╔══

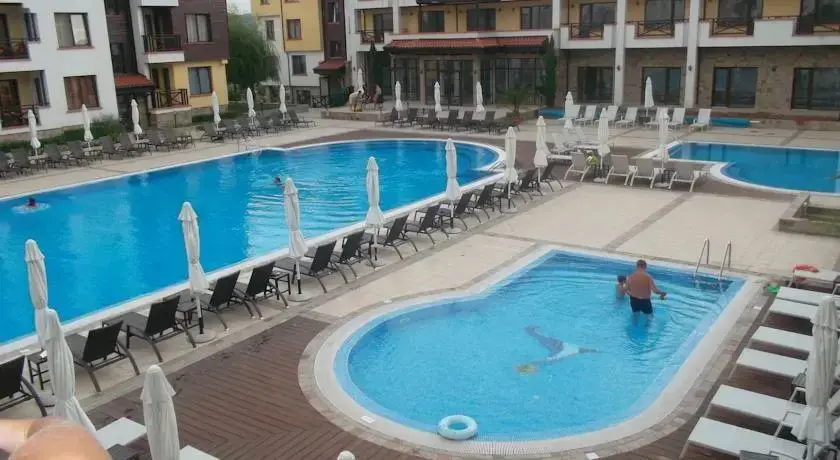 Созополь: Family Hotel Littoral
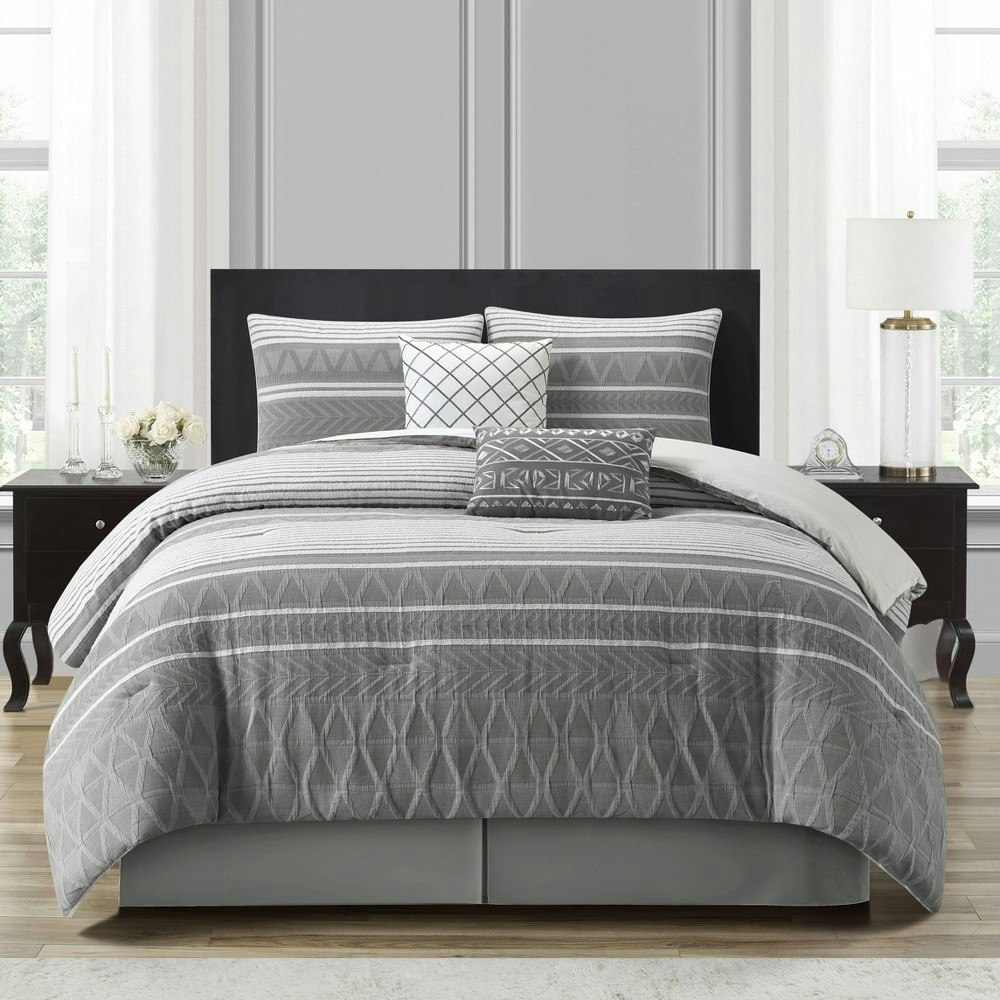 Nanshing 6-Piece California King Comforter Set: $165.99 Nanshing 6-Piece California King Comforter Set: $165.99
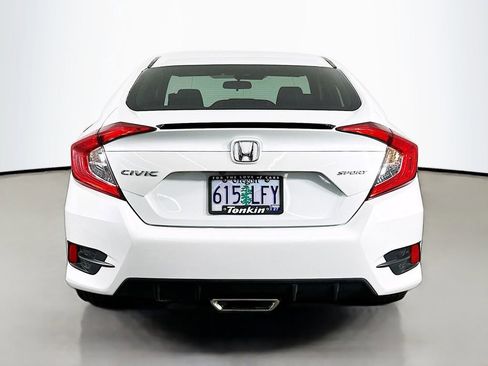 Used 2021 Honda Civic Sport image 7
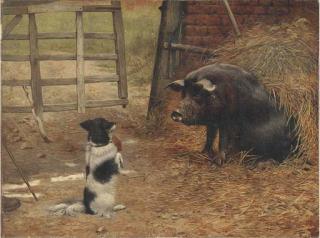 Herbert William Weekes - An Appeal To The Benevolent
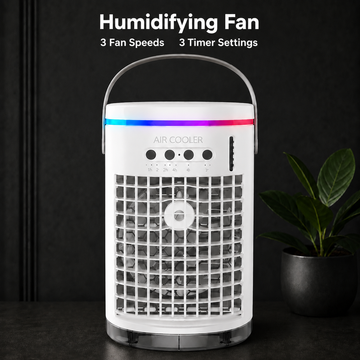 Humidifying Fan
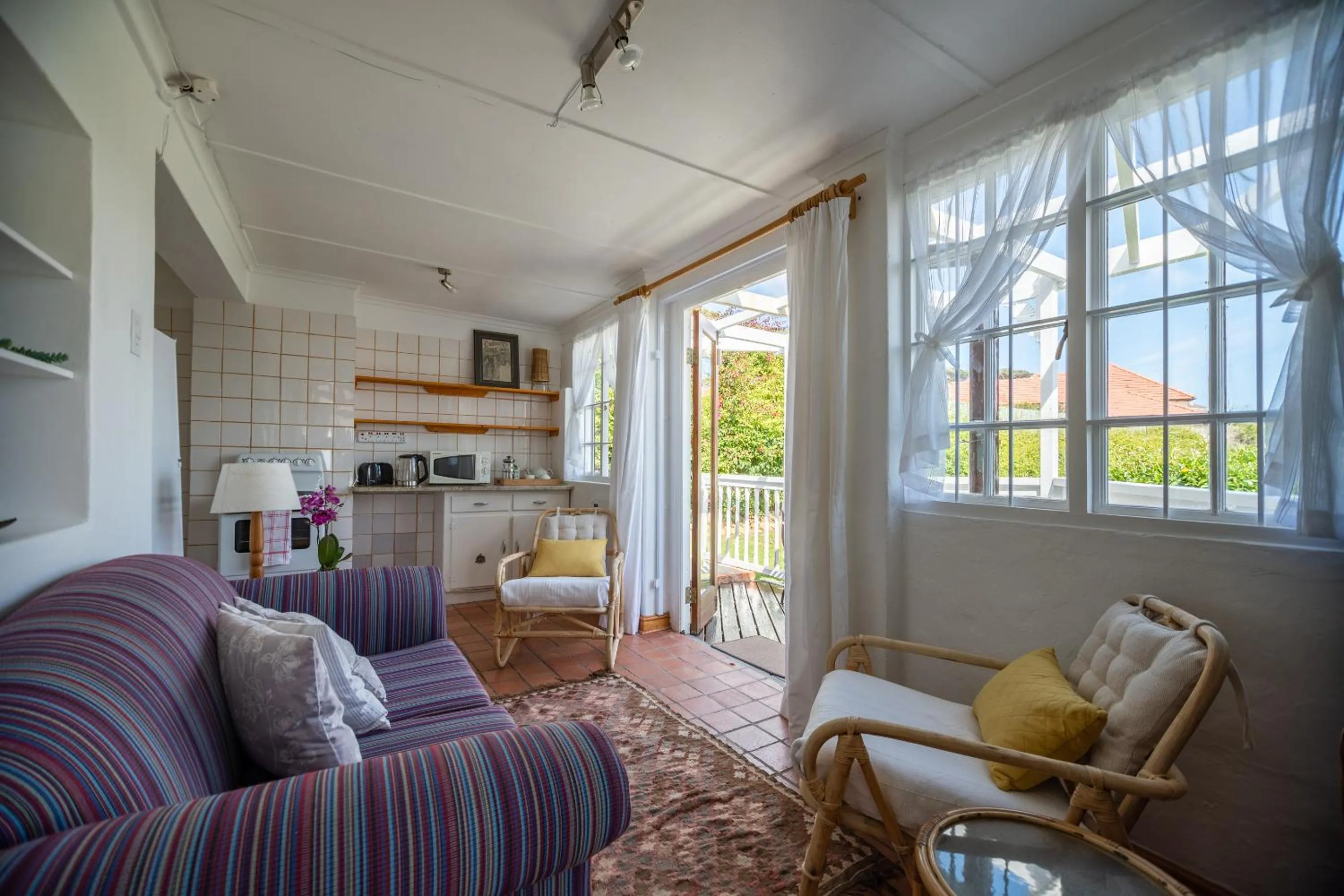 Kitchen or kitchenette in Bosky Dell on Boulders Beach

╚══

- _Exercise directions_: Set the material down exactly, images excluded.

- _Answer to this exercise_:
 Созополь: Family Hotel Littoral
 Nanshing 6-Piece California King Comforter Set: $165.99 Nanshing 6-Piece California King Comforter Set: $165.99
 Used 2021 Honda Civic Sport image 7
 Herbert William Weekes - An Appeal To The Benevolent
 Humidifying Fan
 Kitchen or kitchenette in Bosky Dell on Boulders Beach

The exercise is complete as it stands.